If you can’t run the bundler plugin at build time (for example, you ship pre-built artifacts produced elsewhere), the @grafana/faro-cli package exposes an inject-git-hash command that mirrors inject-bundle-id and patches the hash into existing JavaScript artifacts after the fact:

Bash
npx @grafana/faro-cli inject-git-hash \
  --app-name '$your-app-name' \
  --git-hash $(git rev-parse HEAD) \
  --files 'dist/**/*.js'

Refer to the faro-JavaScript-bundler-plugins repository for the full CLI reference.

Set gitHash directly in the Faro Web SDK configuration

If you don’t use the Faro bundler plugins, you can set app.gitHash directly when initializing the Faro Web SDK. Because browsers have no process.env, the commit SHA must be embedded into the bundle at build time:

1. Make the SHA available to the build:

For local builds:

Bash
export GIT_HASH=$(git rev-parse HEAD)

For CI environments, use the appropriate environment variable:

  • GitHub Actions: export GIT_HASH=$GITHUB_SHA
  • Jenkins: export GIT_HASH=$GIT_COMMIT
  • GitLab CI: export GIT_HASH=$CI_COMMIT_SHA

2. Configure your bundler to inline it.

For Create React App and Next.js, no extra config is needed.

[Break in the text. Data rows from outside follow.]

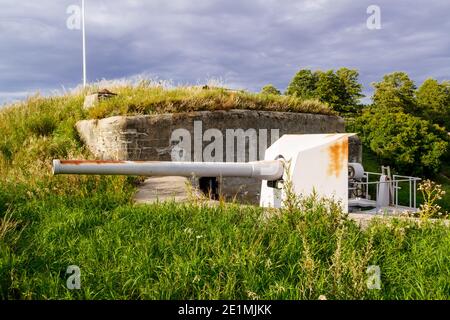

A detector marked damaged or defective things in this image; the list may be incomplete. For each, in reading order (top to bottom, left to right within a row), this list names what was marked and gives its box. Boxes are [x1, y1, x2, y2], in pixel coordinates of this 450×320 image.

rusty cannon barrel [51, 159, 284, 181] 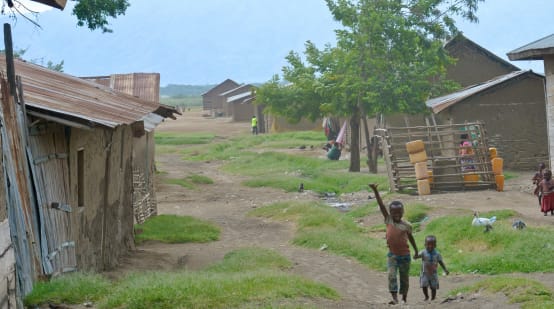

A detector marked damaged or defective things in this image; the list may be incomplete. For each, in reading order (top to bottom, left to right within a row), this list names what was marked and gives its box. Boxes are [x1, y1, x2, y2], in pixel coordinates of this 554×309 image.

rusty metal roof [506, 33, 552, 60]
rusty metal roof [0, 53, 160, 128]
rusty metal roof [422, 70, 540, 113] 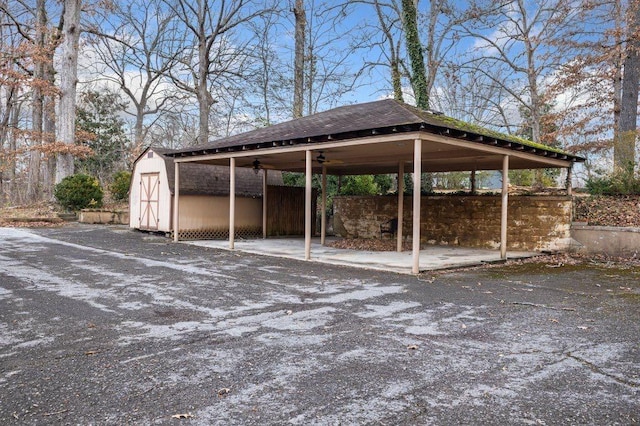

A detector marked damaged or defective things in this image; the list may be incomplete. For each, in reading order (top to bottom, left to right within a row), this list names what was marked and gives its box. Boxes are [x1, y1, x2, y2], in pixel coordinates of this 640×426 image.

cracked asphalt [0, 225, 636, 424] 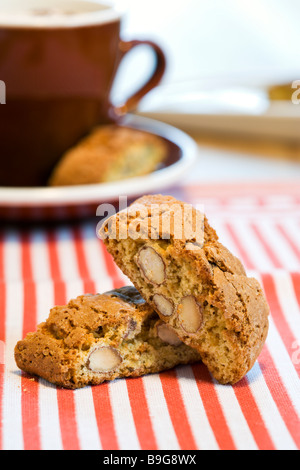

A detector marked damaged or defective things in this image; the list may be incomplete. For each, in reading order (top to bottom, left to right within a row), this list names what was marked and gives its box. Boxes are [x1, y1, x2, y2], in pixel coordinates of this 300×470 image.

broken cantuccini biscotto [14, 284, 202, 388]
broken cantuccini biscotto [99, 193, 270, 384] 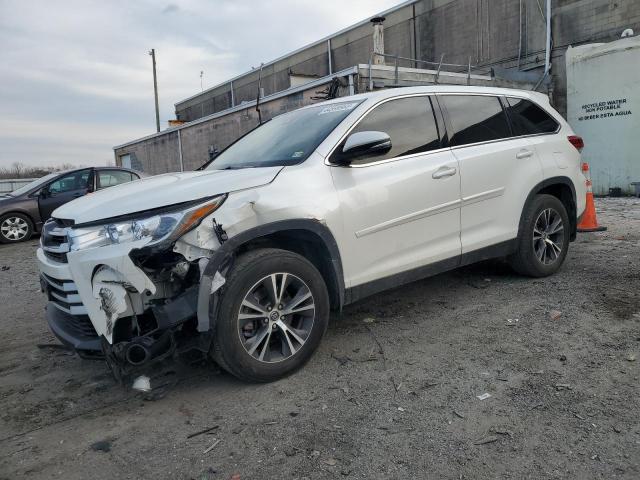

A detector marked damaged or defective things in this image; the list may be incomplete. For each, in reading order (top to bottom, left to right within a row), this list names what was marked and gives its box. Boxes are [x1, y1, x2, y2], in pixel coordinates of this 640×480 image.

damaged front end [37, 193, 228, 384] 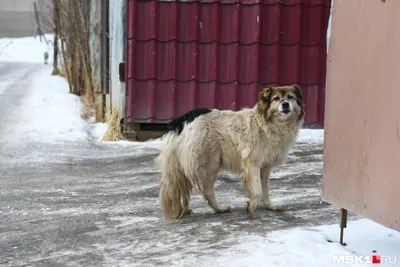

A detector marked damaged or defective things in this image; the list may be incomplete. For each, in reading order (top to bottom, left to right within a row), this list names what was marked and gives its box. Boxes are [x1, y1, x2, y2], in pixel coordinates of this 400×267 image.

rusty metal sheet [324, 0, 400, 231]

They automatically inline prefixed env vars. Set REACT_APP_GIT_HASH (CRA) or NEXT_PUBLIC_GIT_HASH (Next.js) instead of GIT_HASH in step 1, and reference it directly as process.env.REACT_APP_GIT_HASH / process.env.NEXT_PUBLIC_GIT_HASH.

For Vite, no extra configuration is needed. Vite embeds import.meta.env.VITE_*. Set VITE_GIT_HASH in step 1 and reference it as import.meta.env.VITE_GIT_HASH.

For Webpack, use DefinePlugin:

JavaScript
// webpack.config.js
const webpack = require('webpack');

module.exports = {
  // ...
  plugins: [
    new webpack.DefinePlugin({
      'process.env.GIT_HASH': JSON.stringify(process.env.GIT_HASH),
    }),
  ],
};

For Rollup, use @rollup/plugin-replace:

JavaScript
// rollup.config.js
import replace from '@rollup/plugin-replace';

export default {
  // ...
  plugins: [
    replace({
      preventAssignment: true,
      'process.env.GIT_HASH': JSON.stringify(process.env.GIT_HASH),
    }),
  ],
};

For esbuild, use the define option:

JavaScript
// build.js
import * as esbuild from 'esbuild';

await esbuild.build({
  // ...
  define: {
    'process.env.GIT_HASH': JSON.stringify(process.env.GIT_HASH),
  },
});

3. Reference it in your Faro initialization:

JavaScript
import { initializeFaro } from '@grafana/faro-web-sdk';

initializeFaro({
  url: '$your-faro-collector-url',
  app: {
    name: '$your-app-name',
    version: '1.0.0',
    gitHash: process.env.GIT_HASH, // or import.meta.env.VITE_GIT_HASH for Vite
  },
  // ...other config
});

Only the meta.app.gitHash check below applies when using this approach. The bundler plugins set window.__faroGitHash_<app-name> only.

Verify the commit hash is captured

After a successful build, you can confirm the hash flows end-to-end:

  • Build log: Grep for [Faro] Git hash could not be resolved. If the plugin couldn’t determine a SHA, this string appears in the build output. Its absence means the plugin resolved a hash successfully.
  • Bundle: Open DevTools console on a page using the bundle and run window.__faroGitHash_<your-app-name>. Expect a 40-character SHA. (Bundler plugin path only.)
  • Telemetry: In the browser Network tab, inspect a Faro /collect request. meta.app.gitHash should be set on the payload.

If the hash is missing, the most common cause is a build context without .git (multi-stage Docker, .dockerignore excluding .git). Refer to the Explicit override section to set gitHash explicitly.